═══ Raw data
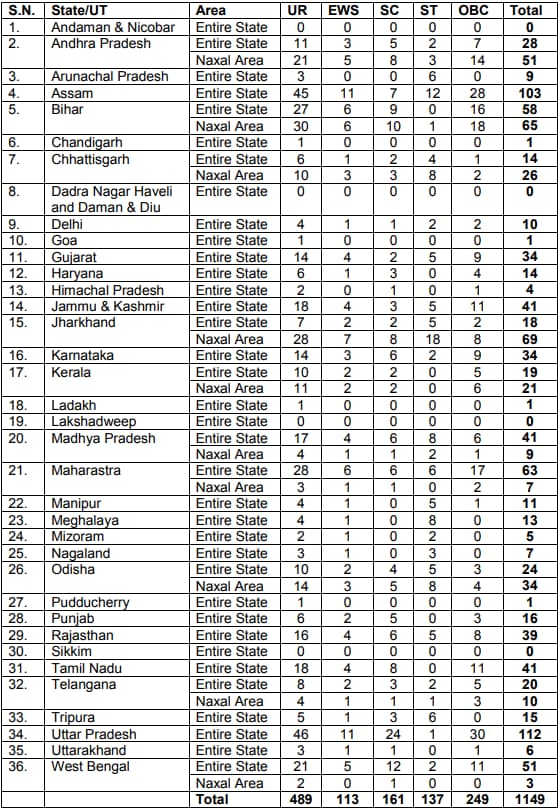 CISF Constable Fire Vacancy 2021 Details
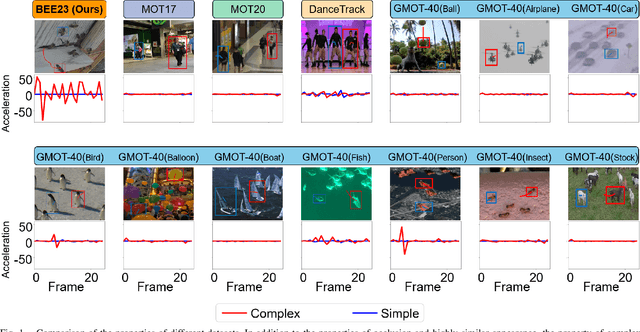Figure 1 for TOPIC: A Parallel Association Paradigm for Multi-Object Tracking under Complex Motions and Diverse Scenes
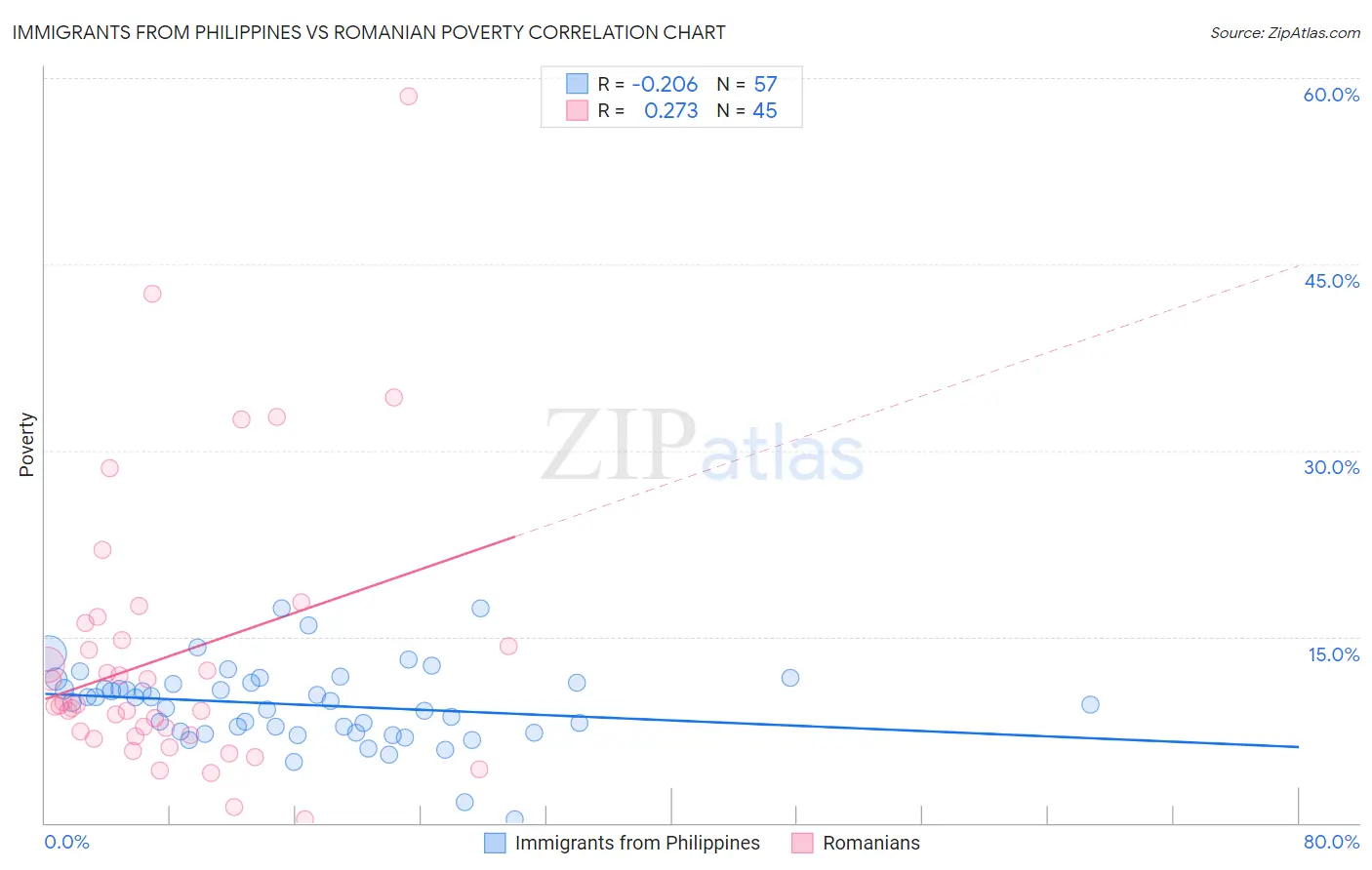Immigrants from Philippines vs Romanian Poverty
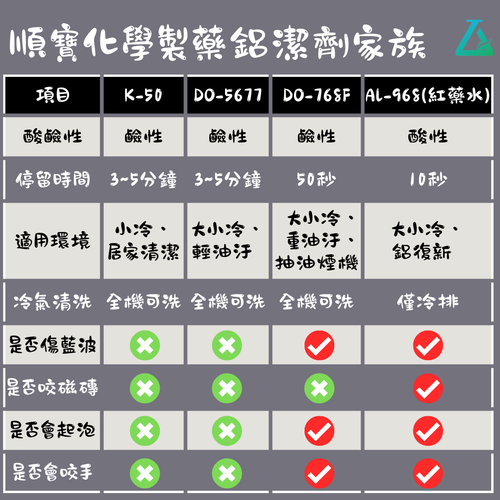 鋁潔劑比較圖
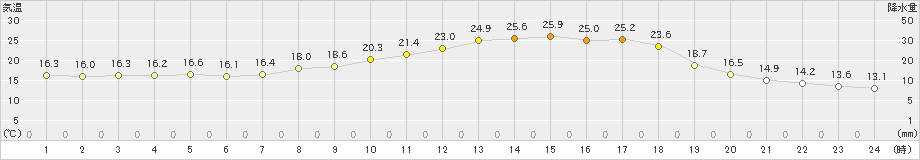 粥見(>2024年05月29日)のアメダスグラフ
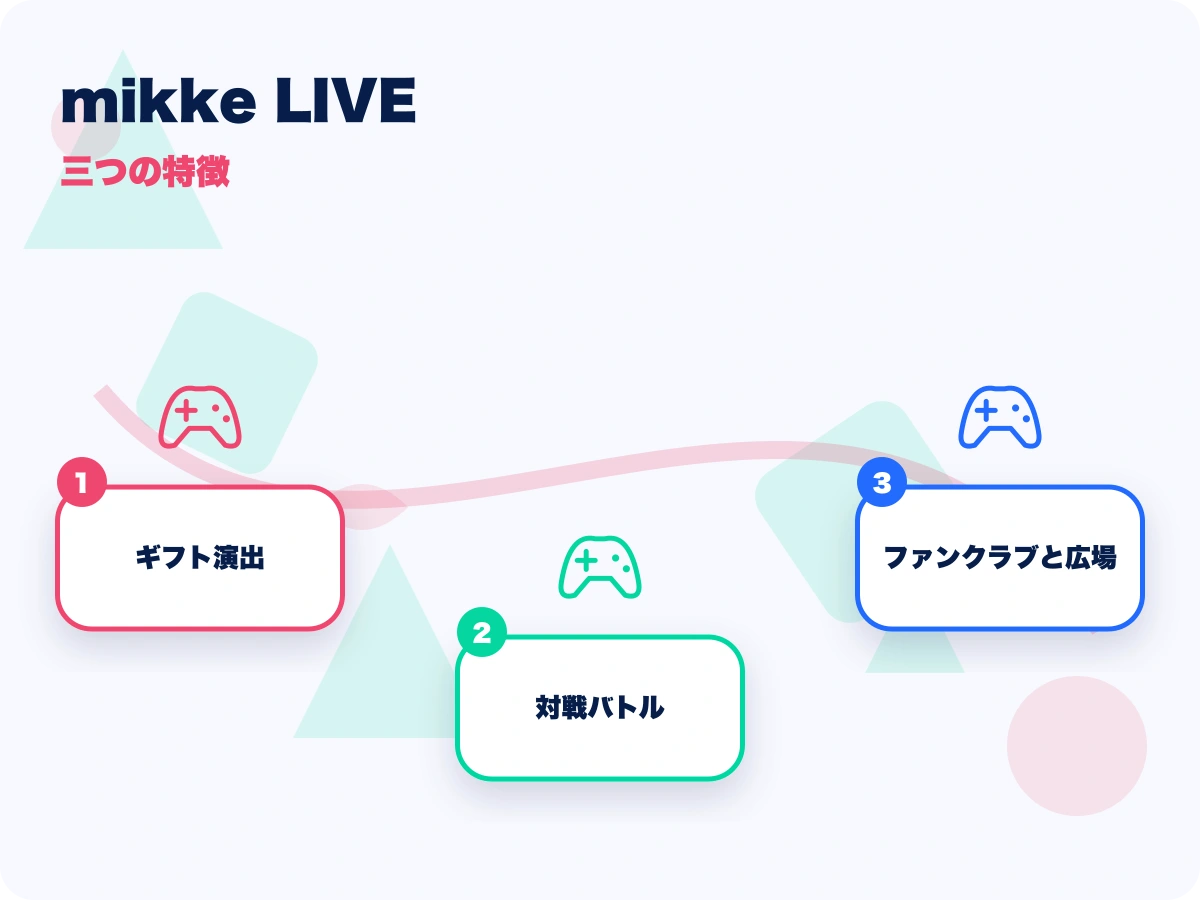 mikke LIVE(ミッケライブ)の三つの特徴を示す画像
══════
═══ Raw data
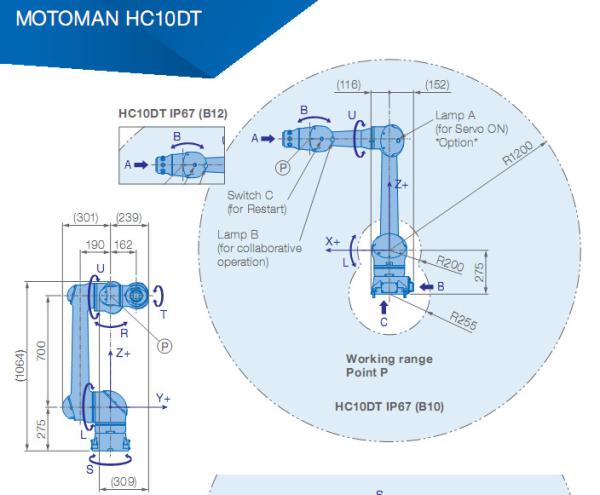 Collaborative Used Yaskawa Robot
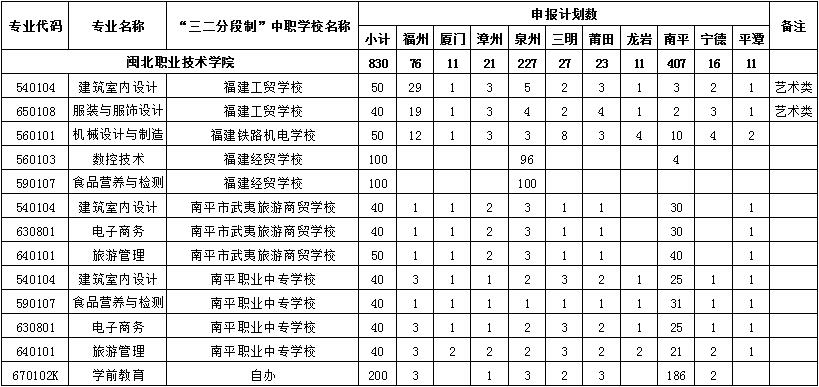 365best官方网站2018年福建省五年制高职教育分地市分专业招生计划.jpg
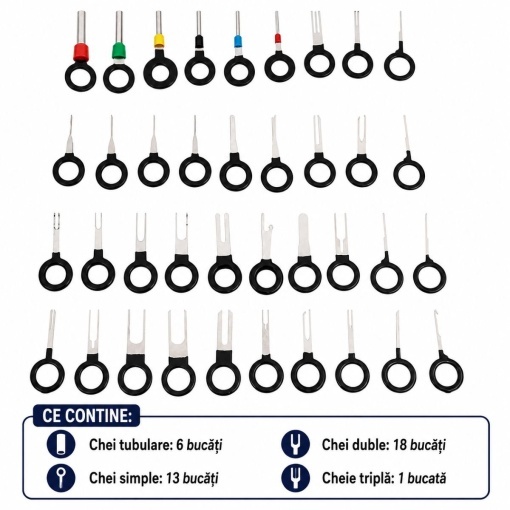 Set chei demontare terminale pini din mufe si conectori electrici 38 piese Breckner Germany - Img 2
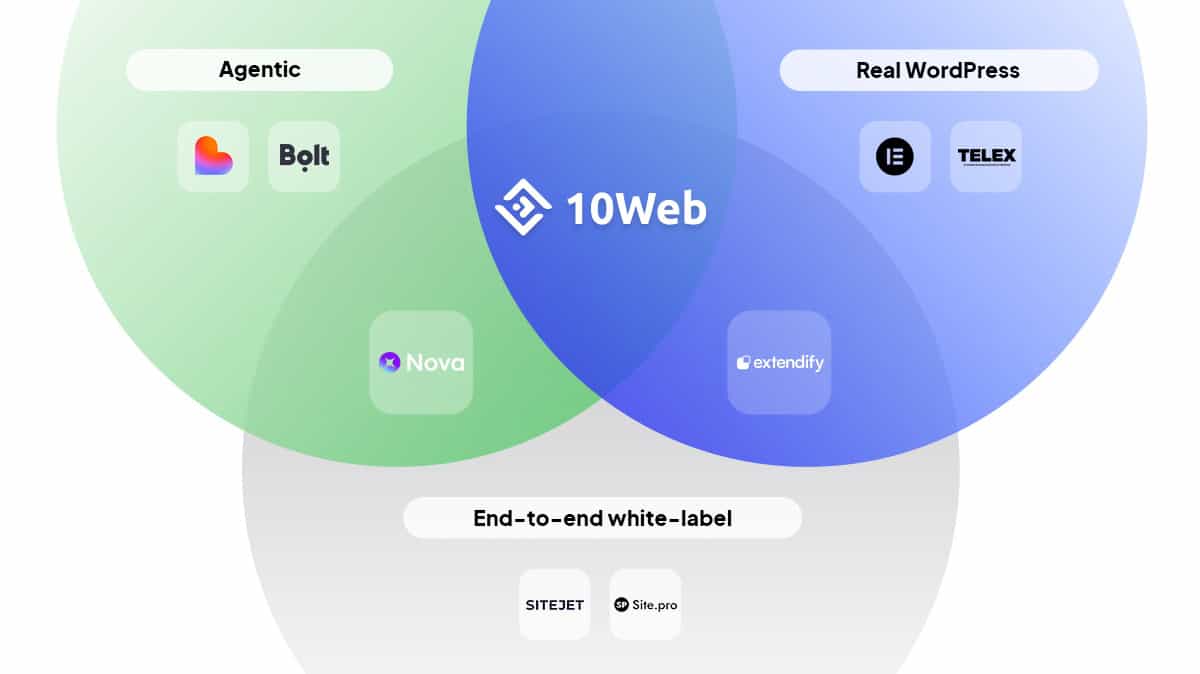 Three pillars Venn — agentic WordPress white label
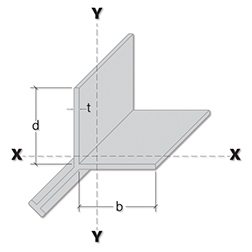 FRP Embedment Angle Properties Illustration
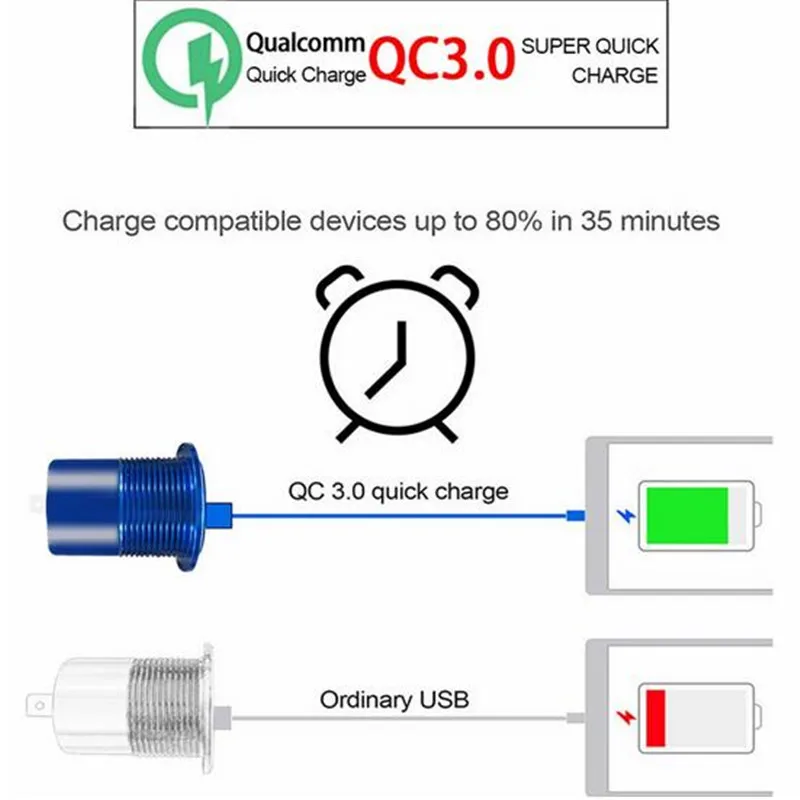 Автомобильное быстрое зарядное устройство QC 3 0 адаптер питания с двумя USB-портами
══════
═══ Raw data
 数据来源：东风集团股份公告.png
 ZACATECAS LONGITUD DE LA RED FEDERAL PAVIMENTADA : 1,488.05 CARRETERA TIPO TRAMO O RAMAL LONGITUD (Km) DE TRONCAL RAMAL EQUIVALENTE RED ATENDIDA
══════
Exercise
Look through the material above. Transcribe exactly the lines between the ones with "FRP Embedment Angle Properties Illustration" and "Автомобильное быстрое зарядное", inclusive, and keep pictures out.

Response area
 FRP Embedment Angle Properties Illustration
 Автомобильное быстрое зарядное устройство QC 3 0 адаптер питания с двумя USB-портами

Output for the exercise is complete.